[ABOUT THE AUTHOR: Jonathan Slywka and his wife Sarah excitedly await the arrival of their new little one – a precious gift from God. Jonathan spends his time riding his bike, exploring God’s Story, and reminding the people of Glen Elm “whose” and “who” they are.]
Those who know me will surely roll their eyes – they have heard me say it a hundred times – but I have been deeply affected by the music of Andrew Peterson. It was my sister Jill who first placed his Christmas album, Behold the Lamb of God, in my hands (Jill has this gift of finding and sharing musical gems). At first, I must confess, I took little notice. “Just another Christmas album,” I must have thought, though there was little denying a certain quirkiness about the thing; songs about Moses (What on earth does Moses have to do with Christmas anyways?!), prophets, even the “begats” of Matthew 1, hinted at the fact that this was unlike any Christmas album I had ever heard.
Then, I began to listen, and the beautiful music, communicating a rich understanding of scripture, started to affect me. What I began to see is that the Christmas story cannot be understood apart from its historical and scriptural context – lifted, sanitized and spiritualized, from the first century Jewish world in which it happened – rather, it needs to be understood as the culmination of the whole history of the people of Israel, of God’s dealing with and through his chosen people to accomplish his purpose for the world.

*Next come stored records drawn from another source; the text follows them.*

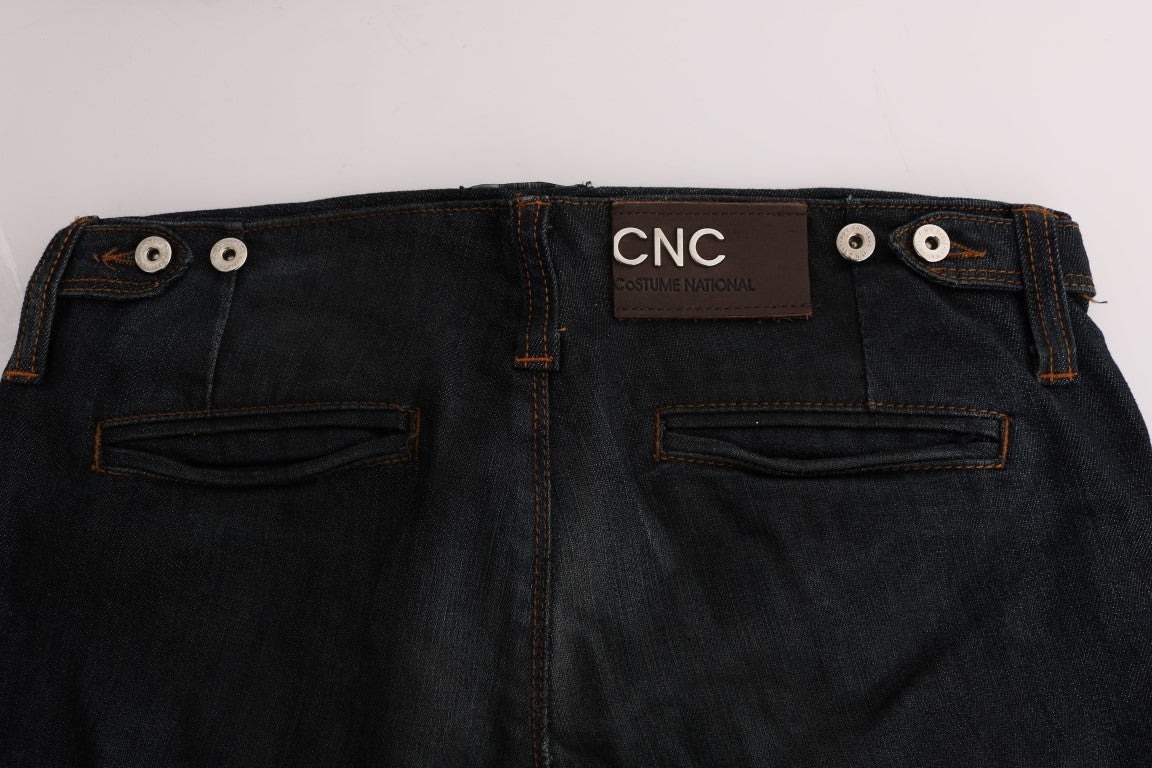 Costume National Gray Cotton Slim Flared Jeans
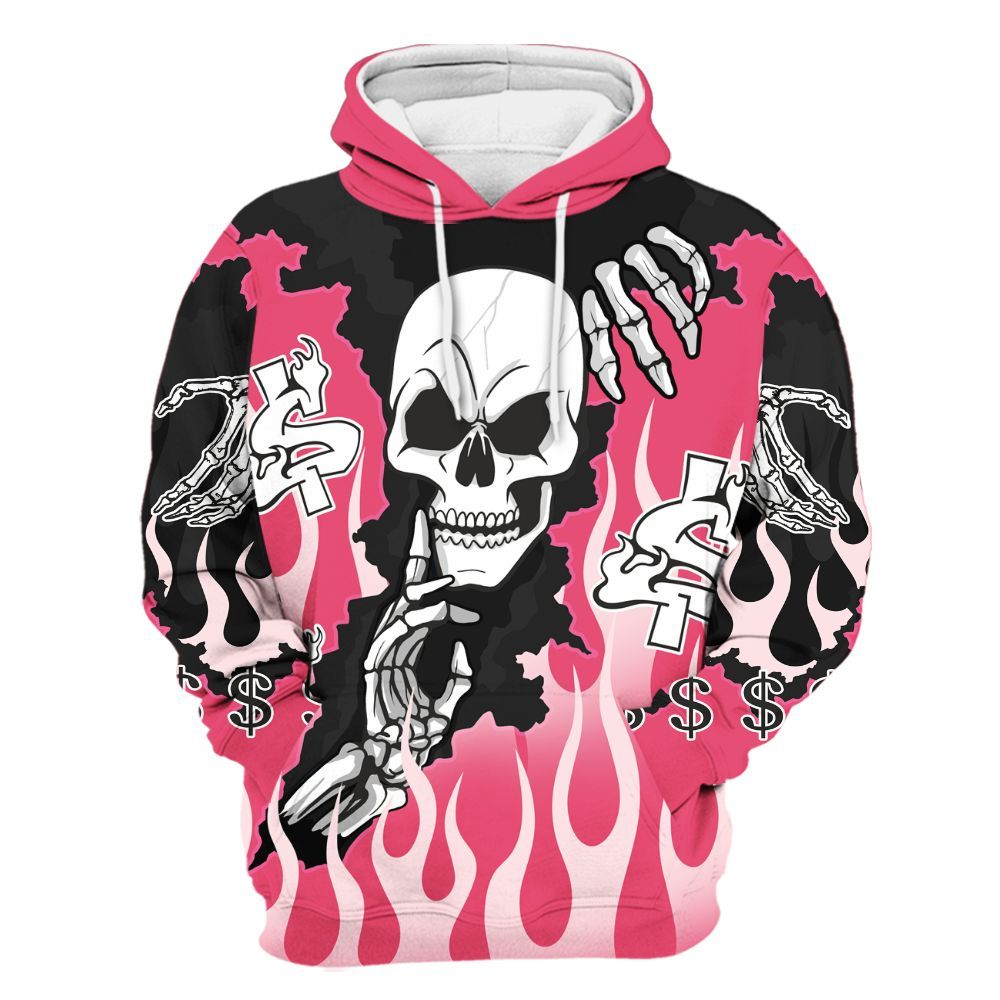 Hoodie To Match A'One Hyper Pink - Ones Move In Silence Graphic Trapped All Over Print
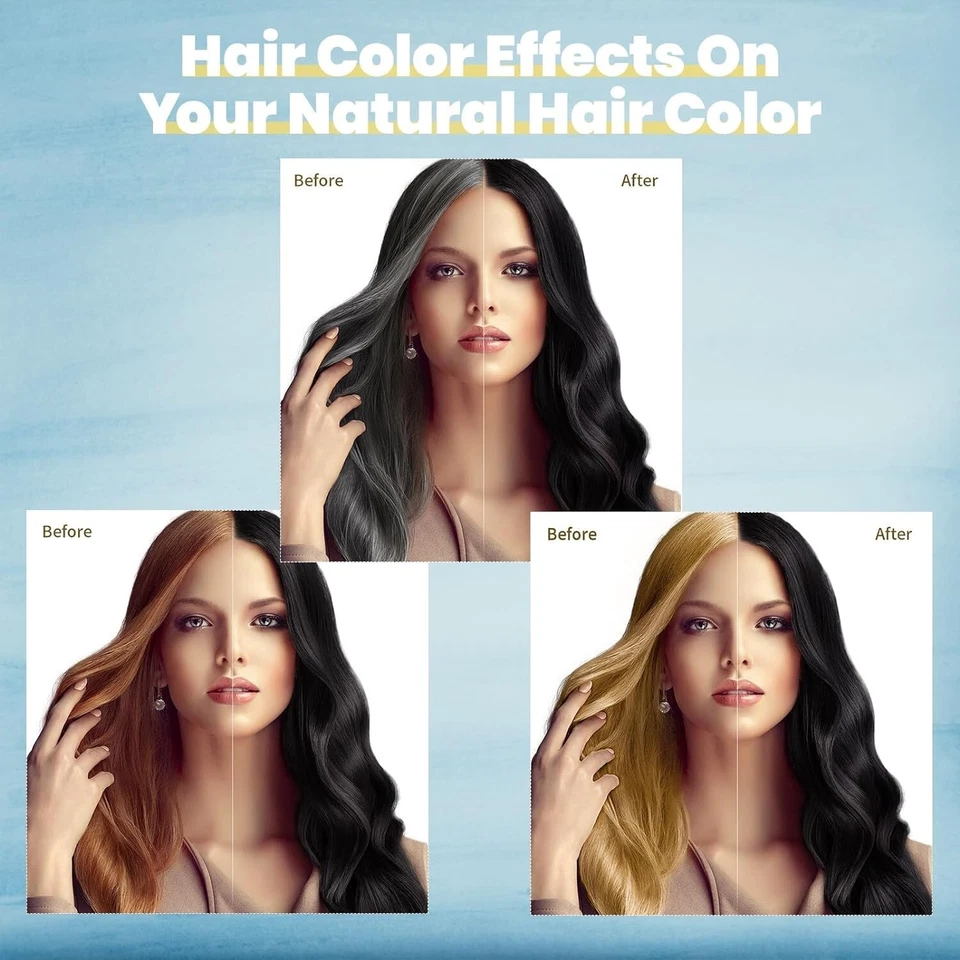 Dark Brown Hair Dye Shampoo Instant 3 in 1+100% Grey Coverage Herbal Ingredients - Image 2 of 4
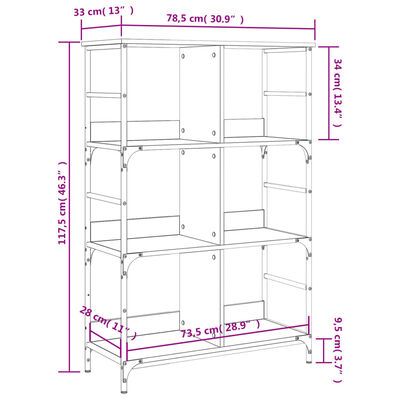 vidaXL Knihovna šedá sonoma 78,5 x 33 x 117,5 cm kompozitní dřevo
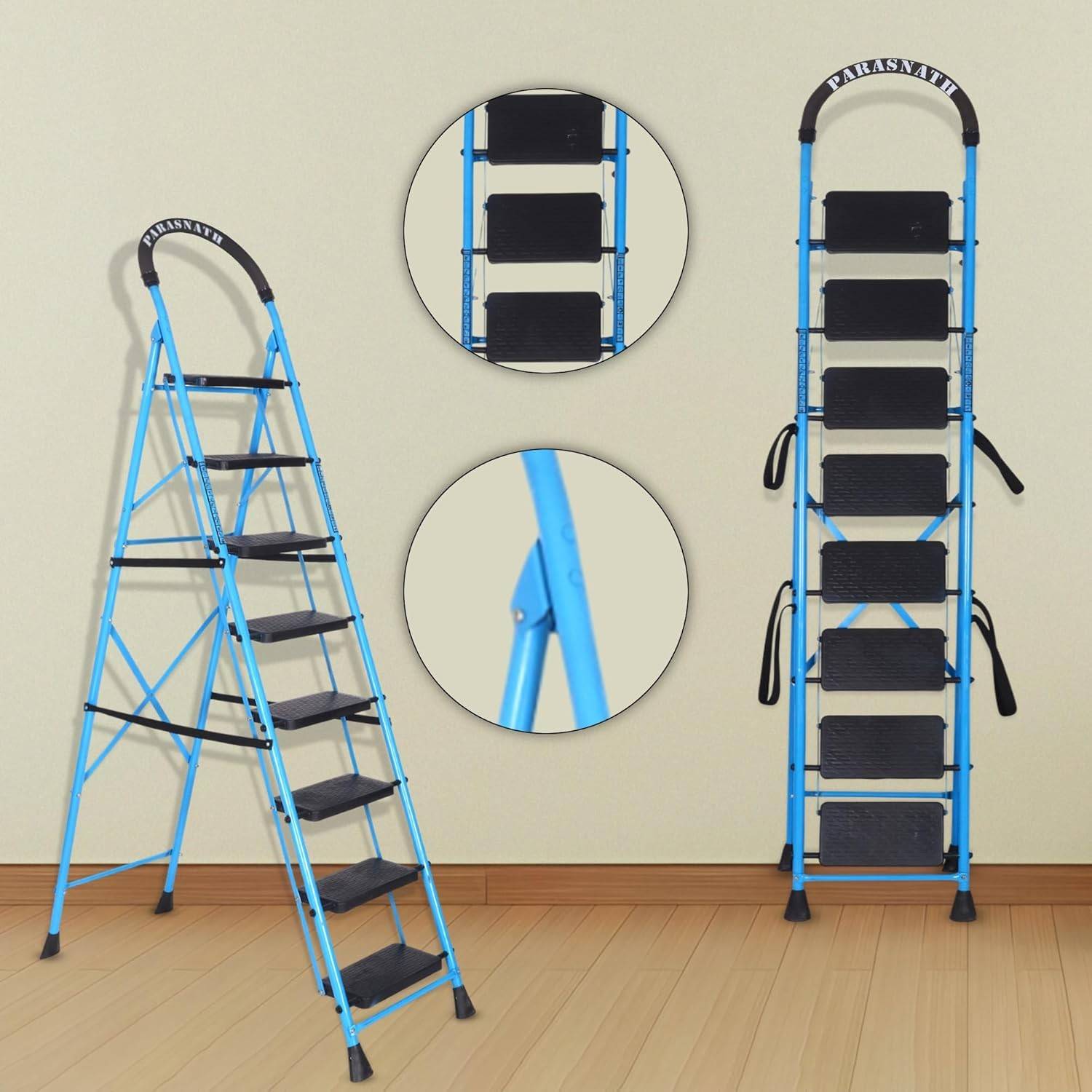 Parasnath GoUp 8 Step Foldable Steel Blue Step Ladder – Heavy-Duty and Lightweight Step Ladder with Anti-Skid Wide Plastic Steps, Safety Handle, High Reach Platform for Home, Kitchen, Office, Warehouse Use - 6 Year Manufacturer Warranty - Made in India - PARASNATH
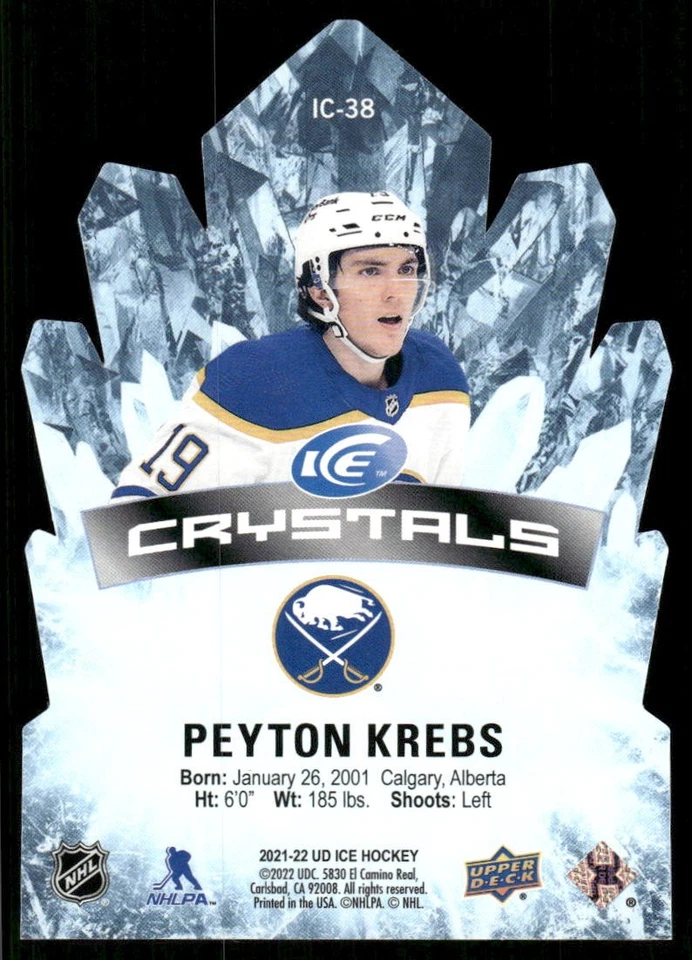 2021-22 Upper Deck Ice #IC-38 Peyton Krebs Ice Crystals - Image 2 of 2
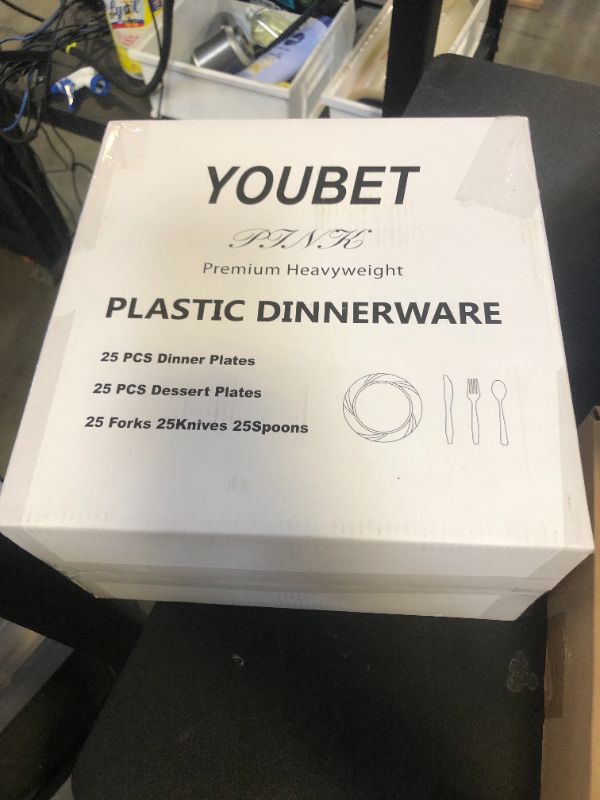 Photo 1 of YOUBET 125Pieces Pink Plastic Plates-Pink Plastic Silverware-Include 25 Dinner Plates 25 Dessert Plates 25 Forks 25 Knives 25 Spoons-Perfect for Wedding/Parties, Light Pink, 10.25‘’ (EA)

Having said that, we must also be careful to stress that God’s shocking Advent among us could not have been predicted by Jesus’ contemporaries, if only they had been paying closer attention (nor can we fully comprehend the deep mystery of God’s Incarnation, even with the advantage of Spiritual insight and 2000 years of processing time); not even the Jewish religious leaders, who were steeped in their own scriptures to an extent that none of us can appreciate, expected God to show up in the way he did. Reflecting on this, Karl Barth has said:
Not for one moment was it possible to say (that the whole of human history was bound to have its culminating point in Jesus Christ)…Of course in retrospect we may and must say that here history is fulfilled. But fulfilled in a truth which, looked at from the standpoint of all historical results, is completely novel and offensive! To the Greeks foolishness, to the Jews a stumbling-block.
Although God’s revelation as “the Word became flesh” could never have been guessed or figured out in advance, what Peterson invites us to do is stand alongside those first Christians, who came to realize the significance of who this child, this man, was and is. They began to see that many of the richest themes of their scriptures – of exile and return, of mercy of judgement, of promised king and suffering servant – were woven right through the Christmas event, and the whole subsequent life of Jesus that they would go on to recount in the Gospels. And they realized, with the same astounding illumination of an angel chorus breaking through the darkness of a pastoral night, that Jesus truly is “the missing piece in the puzzle…that makes all the other pieces fit together”.
Could this really be true: that “every story in the Bible whispers His name”, or, as Paul says to the Colossians, “in Him all things hold together”? In the music of Andrew Peterson I have found an invitation to explore such joyous mysteries, and I would extend that same invitation to you this Advent season.